Do Bettors Create their own "Hot Hand" Winning Streaks?
Posted 18th January 2016
There are two common fallacies expressed by gamblers. The first, the gambler's fallacy, also known as the Monte Carlo fallacy or the fallacy of the maturity of chances, is the mistaken belief that, if something happens more frequently than normal during some period, it will happen less frequently in the future, and vice versa. It arises because of confusion between the (meaningless) law of averages (things must even out) and the (correct) law of large numbers (things have a tendency to even out but don't have to). The second, the hot hand fallacy, sometimes called the reverse gambler's fallacy, is the fallacious belief that a person who has experienced success with a random event has a greater chance of further success in additional attempts. In the context of sports betting, bettors suffering from the hot-hand fallacy might unreasonably expect winning streaks to continue, whilst those suffering from the gambler's fallacy might unreasonably expect losing streaks to reverse.
Analysing a history 565,915 bets from 776 gamblers during the 2010 calendar year, Juemin Xu and Nigel Harvey from the Department of Cognitive, Perceptual and Brain Sciences at University College London set out to investigate the incidence of these fallacies in online gamblers betting on a range of sports, most predominantly football and horse racing. They published their findings in the journal Cognition (2014, volume 131, pages 173 to 180). By looking at winning and losing streaks, Xu and Harvey concluded that gamblers who won were more likely to win again (apparently because they choose safer odds than before), whereas those who lost were more likely to lose again (apparently because they choose riskier odds than before). As such, the selection of safer odds after winning and riskier ones after losing would indicate that online sports gamblers expected their luck to reverse: that is to say they suffered from the gamblers' fallacy. By believing in the gambler's fallacy, they created their own hot hands. This article seeks to debunk their conclusions, most specifically that gamblers are choosing to bet shorter/longer odds after winning/losing. Everything can be explained by biases in the data. Moreover, the assumption that the bets placed by the gamblers were appropriately sequential, the next bet following the settlement of the previous one, may not even be valid.
Xu and Harvey analysed British, European and American gamblers separately. British gamblers contributed the biggest share of bets (66%). 48% of all bets placed by British gamblers won. Next, Xu and Harvey looked at the winning percentage of all bets placed after one win. It was 49%. They did the same again for bets after two, three, four, five and six consecutive wins. The winning percentages respectively for the next bet were 57%, 67%, 72%, 75% and 76%. The European and American sub-samples showed similar findings.
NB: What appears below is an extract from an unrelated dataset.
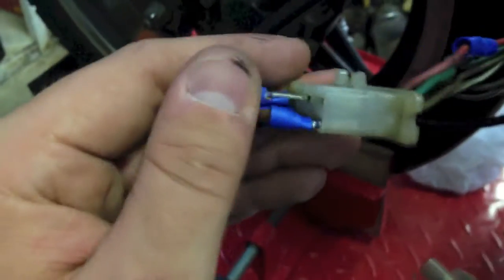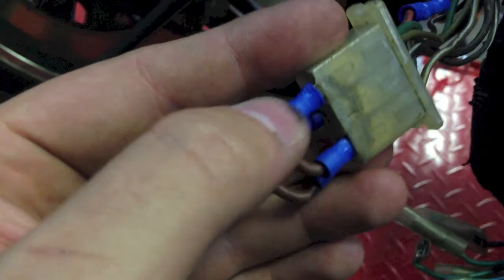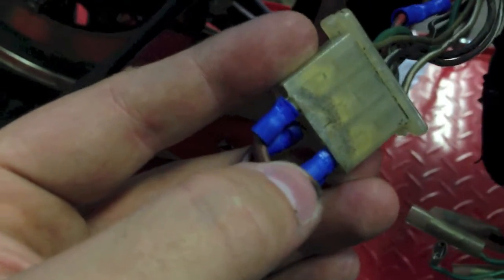Now I'm just jumping everything over. I'm going to go ahead and connect the power here — we have our main power and then our accessories, lights and such. As we can see here, our tail light comes on and a light for some instruments comes on.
If subsequent betting outcomes are independent from each other, how could these increases in winning percentages after previous consecutive wins occur? One explanation would involve gamblers intentionally shortening their odds after previous wins. The more consecutive wins, the shorter the odds become. Among all British gamblers, the average odds bet was 8.72. [Readers should note that with an average winning percentage of 48%, it is clear that some very long odds will have skewed this average. Indeed, the authors report a standard deviation in betting odds of 37.73. Given this skew it would arguably have been far more sensible to report implied expectations (1/odds).] After a winning bet, average odds for the next bet were found to be to 7.19 (standard deviation 35.02). Following two consecutive winning bets, the mean odds decreased to 4.60 (standard deviation 24.69). By the time gamblers had won 6 consecutive bets, the average odds for the next wager were 1.85 (standard deviation 9.82). Xu and Harvey concluded that people who had won on more consecutive occasions chose to bet less risky odds.
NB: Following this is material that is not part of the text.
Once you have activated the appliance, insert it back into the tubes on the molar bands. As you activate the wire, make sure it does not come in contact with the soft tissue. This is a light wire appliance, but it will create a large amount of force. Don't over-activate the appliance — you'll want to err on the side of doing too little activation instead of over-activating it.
Readers with a close attention to detail might have already spotted a flaw. Clearly, Demaree, Weaver and Juergensen spotted it, and were moved to offer a critique of Xu and Harvey's conclusions, publishing in the same journal that the original authors had used (A fallacious
"Gambler's Fallacy"? Commentary on Xu and Harvey. Cognition, 2014, volume 139, pages 168 to 170). Specifically, they argued that the statistical methods employed by Xu and Harvey were prone to a serious selection bias, such that participants on winning or losing streaks may have already been choosing safer and riskier wagers respectively, prior to the beginning of their streaks, implying that no choice to shorten odds after winning streaks (and lengthening them after losing streaks) was being employed. In other words, longer winning streaks survived longer simply by virtue of the fact that bets placed as a whole by those gamblers experiencing the longer winning streaks were shorter anyway. Hence the next bet of a longer winning sequence would, as a consequence of this survivorship bias, be shorter.
We can see how this survivorship bias might arise by constructing our own hypothetical data set of gamblers and their wagers. For this task I have eliminated the bookmaker's margin, such that all odds are fair. Consider a set of 99 gamblers. The 1st places 1,000 wagers all at implied win expectations of 99%, i.e. odds of 1.0101. The 2nd player places 1,000 wagers at implied win expectation of 98%, i.e. odds of 1.0204. For each consecutive player, their wagers are placed at win expectations decreasing by 1%, until the 99th player, who bets at 1% win expectation (or odds of 100). In total there are 99,000 bets with average win expectation 50% and average odds 5.23 (standard deviation 11.74). I have applied this model simply to replicate as best I can (without too much effort) the skewed odds data set used by Xu and Harvey. A random number generator is applied to determine the outcome of each bet. The table below reports the win percentage of the next bet after winning streaks of 1 through 6.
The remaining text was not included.